We will combine the words and their (relative, in %) frequencies in the following dataframe, where each row correspond to the review, so there’s 234 rows in total:
Note that the last column is the actual ranking coming from the rating in stars, that was converted for simplicity into zero (negative review) or one (positive review). The reason for this binary conversion is that we have a small amount of data (234 reviews), and the majority of them are very negative. It will be difficult or nearly impossible to teach the algorithm to distinguish between 4- and 5-stars reviews if there aren’t any or if there’s very little of those.
Prediting a positive or negative review
We’re going to split 234 reviews into a training and test set, based on 70%/30% rule. We’ll train the algorithm on training set and evaluate its prediction on the test set, the data the algorithm hasn’t yet seen.
Support Vector Machines
We’ll start with Support Vector Machines algorithm, tune it, and use it for prediction.
By looking at the confusion matrix we see that the algorithm is doing an okay job predicting bad reviews, but completely fails to identify good ones, throwing them all into the same class.
The Area under ROC curve is 0.62, meaning that the prediction is only slighly better than the random guess (0.5).
Random Forests
Random Forest is doing a much better job, correctly identifying around 93% of the reviews.
Naive Bayes
We’ll also try Naive Bayes classification that shows similar performance to SVM, mostly miss-classifying the positive reviews, as they are scarce in the data to learn from.
Neural Networks (NNet)
Next, we’ll train the neural network from NNet package. It is a relatively rigid package that allows building a network with BFGS algorithm only, and only using a sigmoid function for hidden layer activation. There’s only one hidden layer that we choose to build with 35 nodes.
Despite a relative simplicity of this network, it does quite a good job classification job and we correctly predict over 92% of the review rankings.

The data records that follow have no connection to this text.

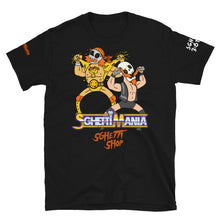 Load image into Gallery viewer, SghettiMania 2-Character (EXTRA PG) Short-Sleeve Unisex T-Shirt
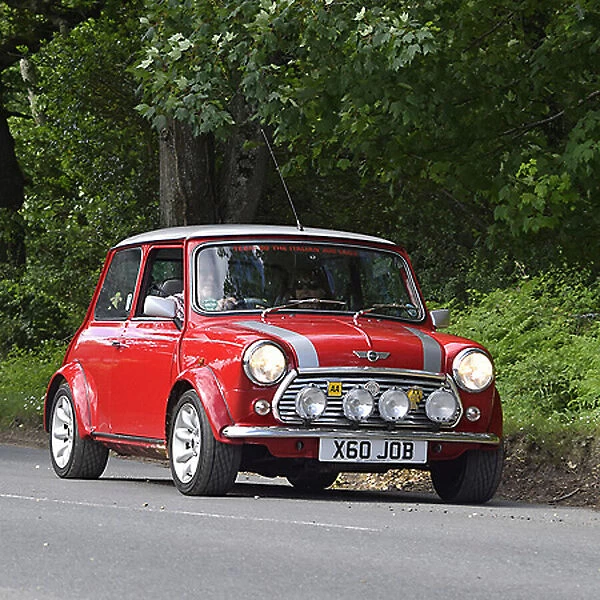 Mini Rover Cooper 2000 Red silver roof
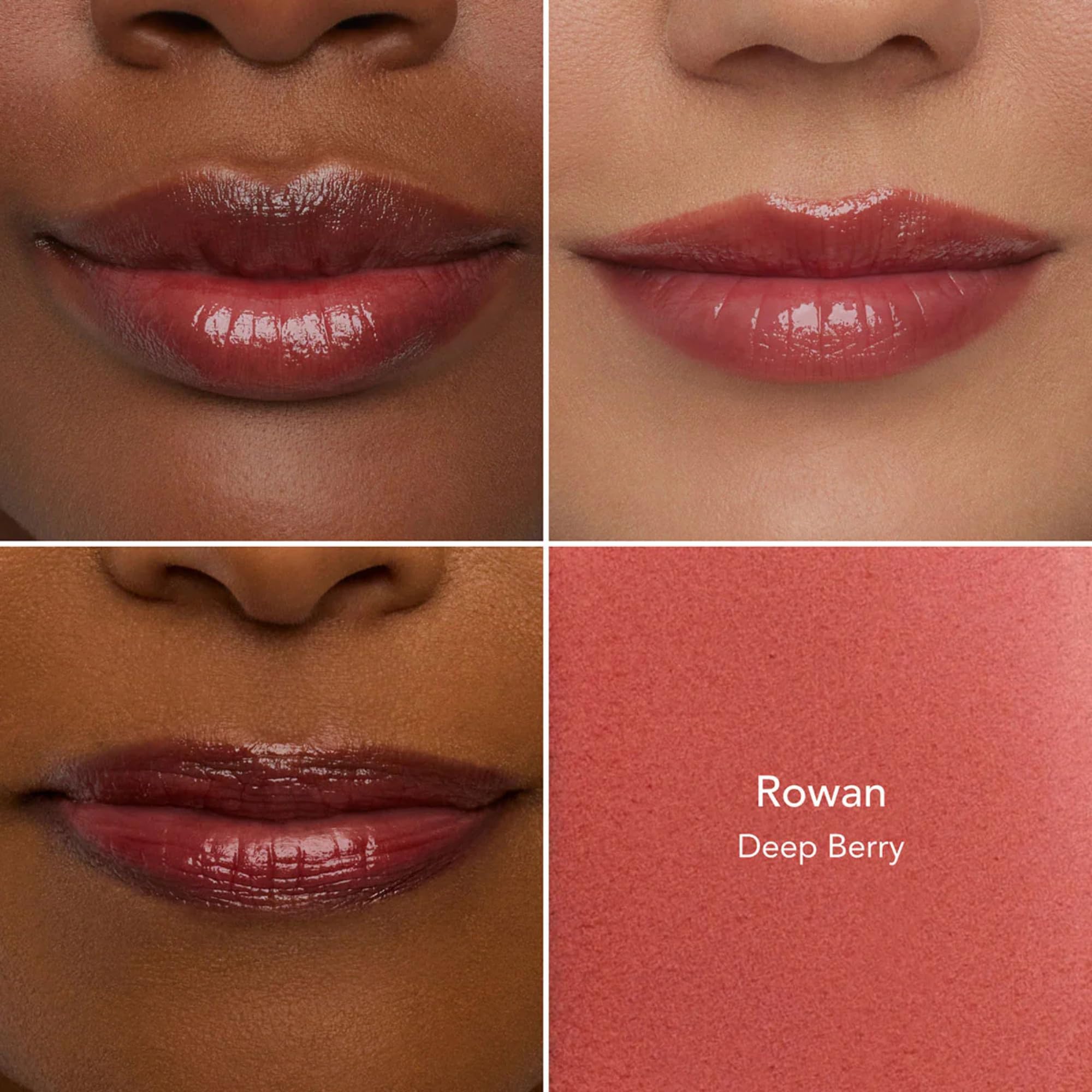 Thrive Causemetics Sheer Strength Lip Tint Trio with Makeup Bag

ANN with Keras and Tensorflow
Finally, we will use a well-known Keras package that provides interface to Tensorflow, in order to build a deep learning neural network with two hidden layers (40 nodes each), sigmoid activation and adam optimizer. We train it with validation split 80%/20% and end up with a pretty good accuracy.
I daresay that I was slighly dissapointed with Keras performance compared to Nnet performance. It’s not that it wasn’t splendid, it’s just that all the fuss around it makes us thinks that it works wonders.

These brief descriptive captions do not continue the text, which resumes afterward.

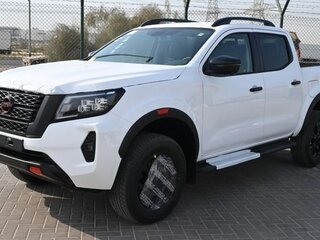 2025 Nissan Navara (Frontier) Double-Cab IV (D23), белый, 3350000 рублей, вид 1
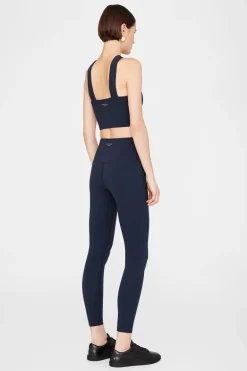 Dames top blauw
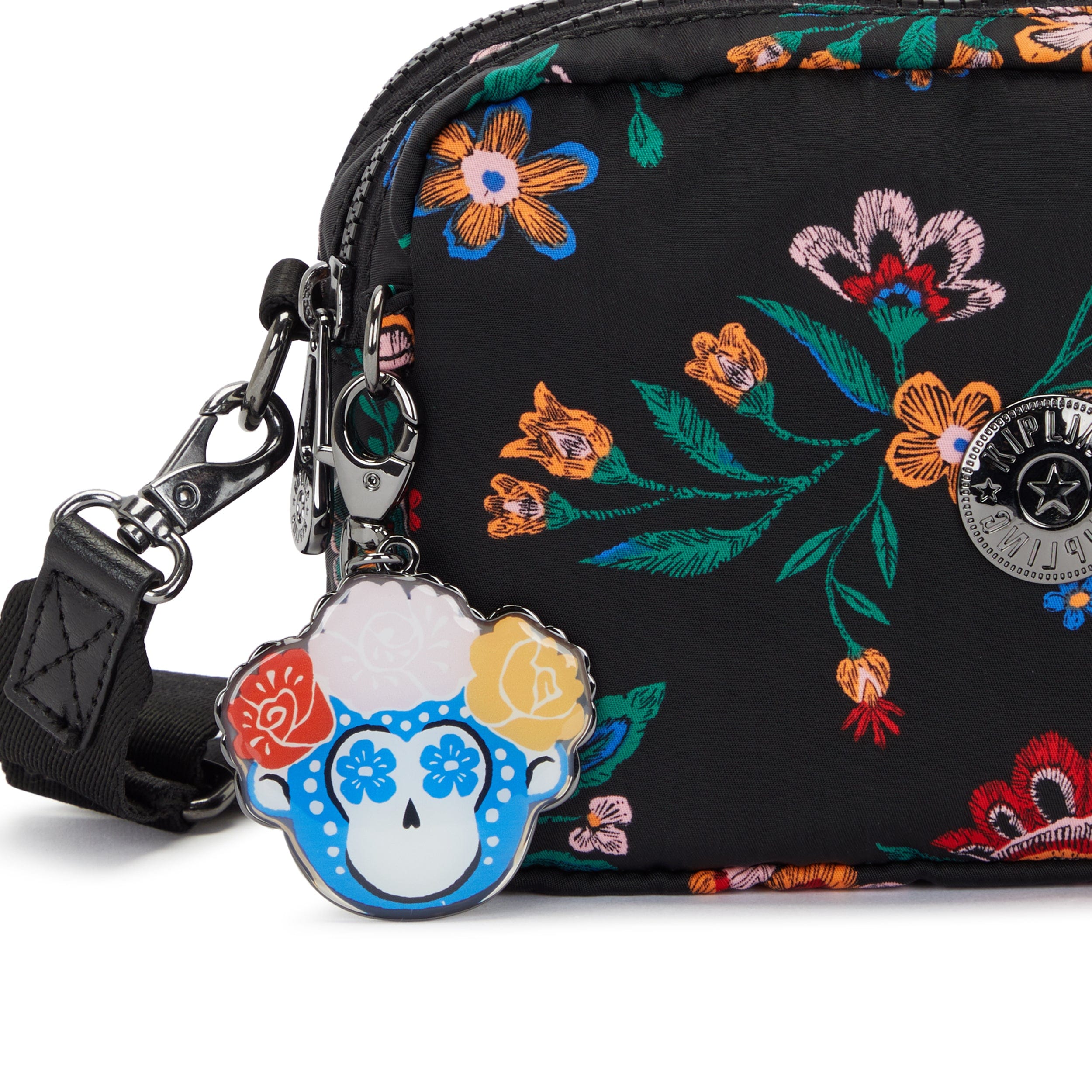 Kipling Milda Frida Kahlo Floral Small Crossbody Bag C2I7948-3NF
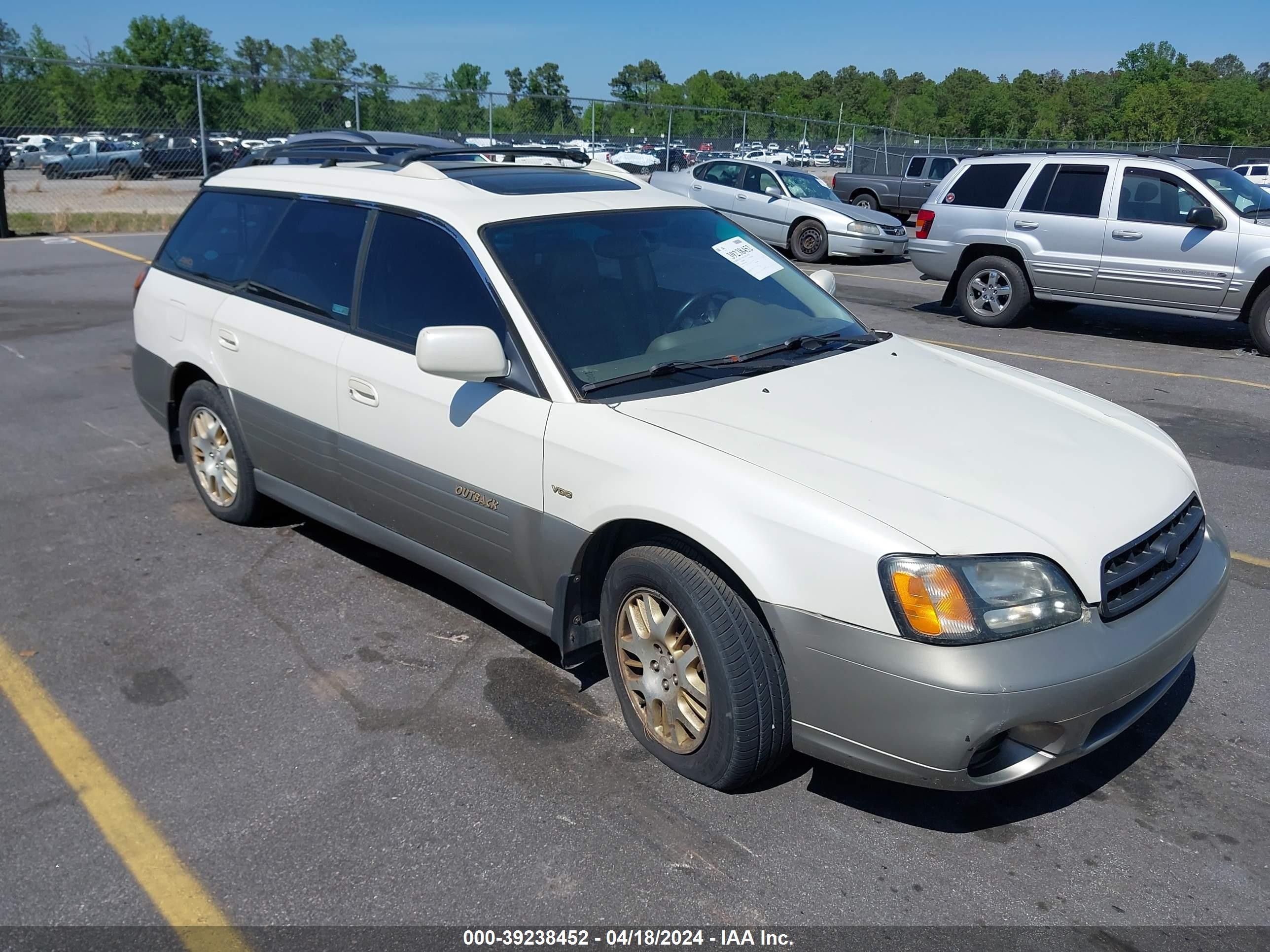 subaru outback 2001 4s3bh896017666081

In fact, this example shows once again that no algorithm on its own is better than another; it all depends on the choice of the algorithm for a given problem, parameters tuning, etc.
Overall, we notice that NNet network shows better accuracy while Keras network behaves slighly better in terms of area under ROC metric.
And, finally, the summary of all models’ performance.
SVM | Random Forest | Naive Bayes | NNet | Keras | |
---|---|---|---|---|---|
In Sample Accuracy | 0.87 | 0.83 | 0.84 | 0.86 | 1 |
Out Sample Accuracy | 0.86 | 0.94 | 0.86 | 0.93 | 0.88 |
Total Accuracy | 0.86 | 0.94 | 0.86 | 0.93 | 0.88 |
In Sample Precision | 0.87 | 0.88 | 0.87 | 0.89 | 1 |
Out SamplePrecision | 0.86 | 0.88 | 0.88 | 0.95 | NA |
Total Precision | 0.86 | 0.95 | 0.87 | 0.93 | 0.89 |
In Sample Recall | 1 | 0.93 | 0.97 | 0.95 | 1 |
Out Sample Recall | 1 | 0.94 | 0.99 | 1 | NA |
Total Recall | 1 | 0.98 | 0.99 | 0.99 | 0.99 |
To summarize, even on this very imperfect dataset with a small number of obervations and little reviews belonging to one of the classes, the models are able to make quite a good prediction. From business point of view, it means that we don’t need to make a huge effort in order to identify the sentiment of the customer reviews correctly. Automating this task helps keeping an eye on community and quickly identifying the areas where human interaction is needed.
Today, qualitative marketing can be largely automated using data scrapping and text mining methods. Deploying these methods takes relatively little time, but allows for a huge time-saving for marketers and community managers.